Handles both initial search response and continuation response formats.
Args:
response: YouTube search API JSON response
Returns:
Continuation token string for next page
Raises:
ValueError: Token not found in expected location
AttributeError: Unrecognized response structure
"""
try:
if "contents" in response:
# Initial search response format
# fmt: off
token = response["contents"]["twoColumnSearchResultsRenderer"]\
["primaryContents"]["sectionListRenderer"]["contents"][-1]\
["continuationItemRenderer"]["continuationEndpoint"]\
["continuationCommand"]["token"]
# fmt: on
LOGGER.debug("Extracted Continuation Token")
return token
if "onResponseReceivedCommands" in response:
# Continuation response format
# fmt: off
token = response["onResponseReceivedCommands"][0]["appendContinuationItemsAction"]\
["continuationItems"][-1]["continuationItemRenderer"]\
["continuationEndpoint"]["continuationCommand"]["token"]
# fmt: on
LOGGER.debug("Extracted Continuation Token")
return token
LOGGER.warning(
f"Unknown serp response when extracting continuation token: {', '.join(response.keys())}"
)
raise AttributeError("Unknown response from YT API")
except KeyError:
raise ValueError("No token extracted")
except Exception as error:
LOGGER.critical(
f"Unable to extract continuation token. Check if the API has changed: {error}. PAGE: {json.dumps(response)}"
)
raise
def parse_serp(response: dict) -> list[YTSearchResult]:
"""Parse YouTube search response and extract video results.
Args:
response: YouTube search API JSON response
Returns:
List of search result objects
Notes:
Skips non-video entries and malformed items
"""
if "contents" in response:
# Initial search response format
# fmt: off
videos = response["contents"]["twoColumnSearchResultsRenderer"]["primaryContents"]\
["sectionListRenderer"]["contents"][0]\
["itemSectionRenderer"]["contents"]
# fmt: on
elif "onResponseReceivedCommands" in response:
# Continuation response format
# fmt: off
videos = response["onResponseReceivedCommands"][0]["appendContinuationItemsAction"]\
["continuationItems"][0]["itemSectionRenderer"]["contents"]
# fmt: on
else:
LOGGER.error(
f"Unknown response format when extracting channels: {', '.join(response.keys())}"
)
raise ValueError("No channels found")
LOGGER.debug(f"Found {len(videos)} video containers for the current SERP")

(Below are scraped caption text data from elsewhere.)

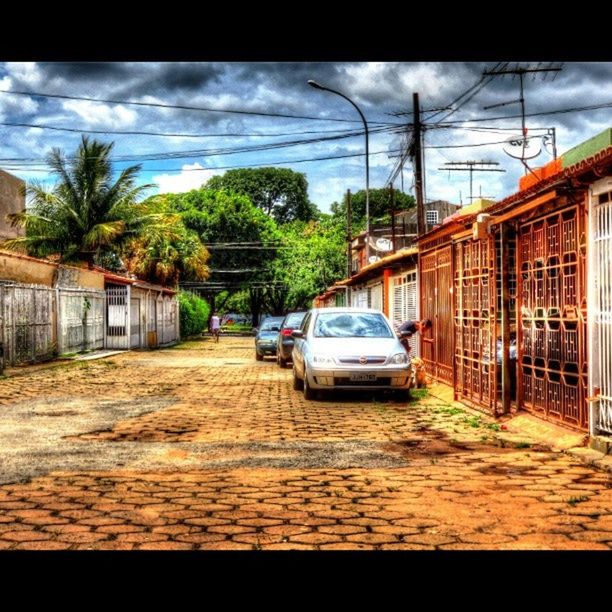 transportation, land vehicle, sky, mode of transport, car, building exterior, architecture, tree, built structure, street, road, cloud - sky, transfer print, cloud, auto post production filter, city, on the move, house, outdoors, cloudy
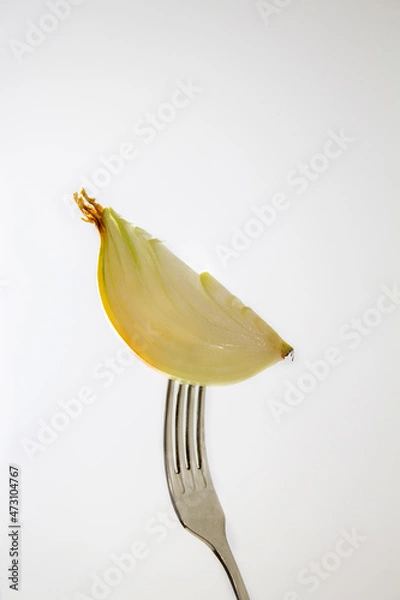 Fototapeta Onion on a fork, close-up. On white background. Creative
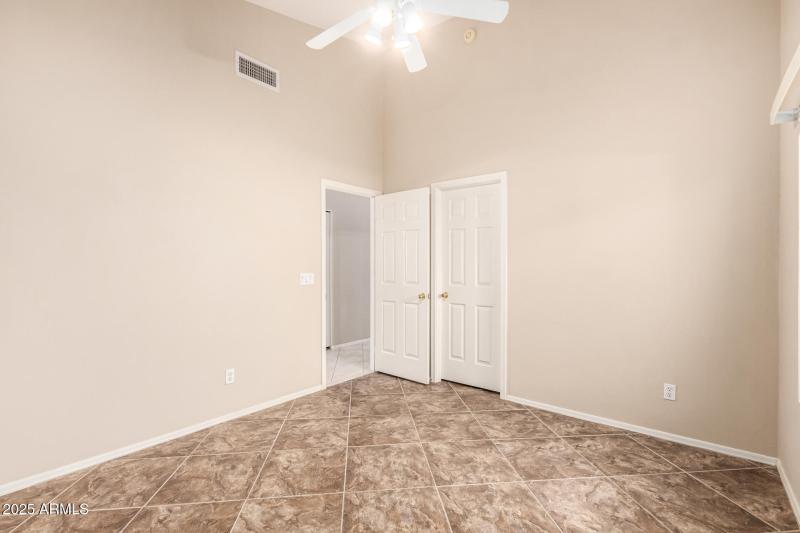 Secondary bedroom with walk in closet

channels: list[YTSearchResult] = []
for vid in videos:
try:
# Skip non-video entries
if "videoRenderer" not in vid.keys():
continue
# Extract video title
title_data = vid["videoRenderer"]["title"]
if "runs" in title_data:
title = title_data["runs"][0]["text"]
elif "accessibility" in title_data:
title = title_data["accessibility"]["accessibilityData"]["label"]
else:
continue
# Extract channel info
owner_data = vid["videoRenderer"]["ownerText"]
if "runs" not in owner_data:
continue
# Extract all video and channel metadata
# fmt: off
channel_name = owner_data["runs"][0]["text"]
channel_id = owner_data["runs"][0]["navigationEndpoint"]["browseEndpoint"]["browseId"]
channel_url = owner_data["runs"][0]["navigationEndpoint"]["browseEndpoint"]["canonicalBaseUrl"]
video_id = vid["videoRenderer"]["videoId"]
published_time = vid["videoRenderer"]["publishedTimeText"]["simpleText"]
video_length= vid["videoRenderer"]["lengthText"]["simpleText"]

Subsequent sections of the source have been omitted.